「ターザンは美しく、アクションはリアリティーがない」ターザン:REBORN kazzさんの映画レビュー(感想・評価)
ターザンは美しく、アクションはリアリティーがない
アフリカのコンゴがベルギー国王レオポルド2世の私的領地として統治されていた時期が、物語の舞台。
ターザンことグレイストーク卿が、破綻しているはずのコンゴ投資の裏で原住民を奴隷として売りさばいている実態を調査するため、妻ジェーンとともに故郷に赴く。
が、そこには陰謀が待ち受けている。
まず、映像の美しさは特筆したい。
生い立ちを説明する回想シーンの挿入もうまい。
が、しかし・・・。
物語そのものが、ボケていたように思う。
登場人物の夫々が何をしたいのか解らない。
ジェーンはなんのために同行したのか。
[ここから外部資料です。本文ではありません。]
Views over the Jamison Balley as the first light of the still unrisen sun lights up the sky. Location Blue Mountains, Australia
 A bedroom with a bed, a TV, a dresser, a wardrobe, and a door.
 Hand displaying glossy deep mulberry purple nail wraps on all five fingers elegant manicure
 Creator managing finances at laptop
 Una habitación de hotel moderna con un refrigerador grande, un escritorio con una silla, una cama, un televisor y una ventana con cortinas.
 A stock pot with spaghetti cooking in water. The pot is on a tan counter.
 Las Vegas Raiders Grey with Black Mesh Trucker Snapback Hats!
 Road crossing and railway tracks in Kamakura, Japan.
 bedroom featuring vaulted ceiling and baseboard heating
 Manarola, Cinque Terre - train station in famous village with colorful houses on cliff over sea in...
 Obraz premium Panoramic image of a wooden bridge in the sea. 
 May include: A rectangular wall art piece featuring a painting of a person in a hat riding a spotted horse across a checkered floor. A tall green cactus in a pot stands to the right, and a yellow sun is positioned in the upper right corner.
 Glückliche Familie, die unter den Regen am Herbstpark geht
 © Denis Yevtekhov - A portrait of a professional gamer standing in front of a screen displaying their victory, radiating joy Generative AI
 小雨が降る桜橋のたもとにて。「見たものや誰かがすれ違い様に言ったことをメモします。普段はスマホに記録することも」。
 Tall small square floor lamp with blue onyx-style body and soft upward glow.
単に懐かしいアフリカに行きたかったから、わがまま言ってついて行ったが、拐われちゃってターザンを窮地に陥れることになってしまった…ような。
物語の根幹が妻の救出劇なのだから、ジェーンが同行しなきゃ始まらないのだけれど。
サミュエル・L・ジャクソン演じるワシントン・ウィリアムズは実在の人物で、
レオポルド2世の圧政によるコンゴの惨状を視察して本国に報告した事実はあるらしい。
勇名を馳せた軍人らしいので、ターザンと一緒にジャングルを駆け抜ける姿にアメリカ人は納得いくのだろうか。
息を切らせながらも、ちゃんと着いて行けてたあたり、違和感があったのだが。
ターザンを息子の仇と憎悪している族長は積年の恨みをあっさり解消するし、
傭兵軍を組織してコンゴの制圧を目論むクリストフ・ヴァルツ演じる悪役は、徹底した悪党ぶりは良いのだが、ターザンに直接恨みがあるわけではないと思うと、執念の向き先が解りづらいし、
ゴリラのボスに至っては敵だか味方だか解らない。
CGによるアクションシーンはダイナミックだが、リアリティーがなさすぎる。
ラストの動物たちの突進は、あまりにも唐突。
主演のアレクサンダー・スカルスガルトの容姿・身のこなしの美しさ、ジェーン役のマーゴット・ロビーの凛々しさは、本作の宝だろう。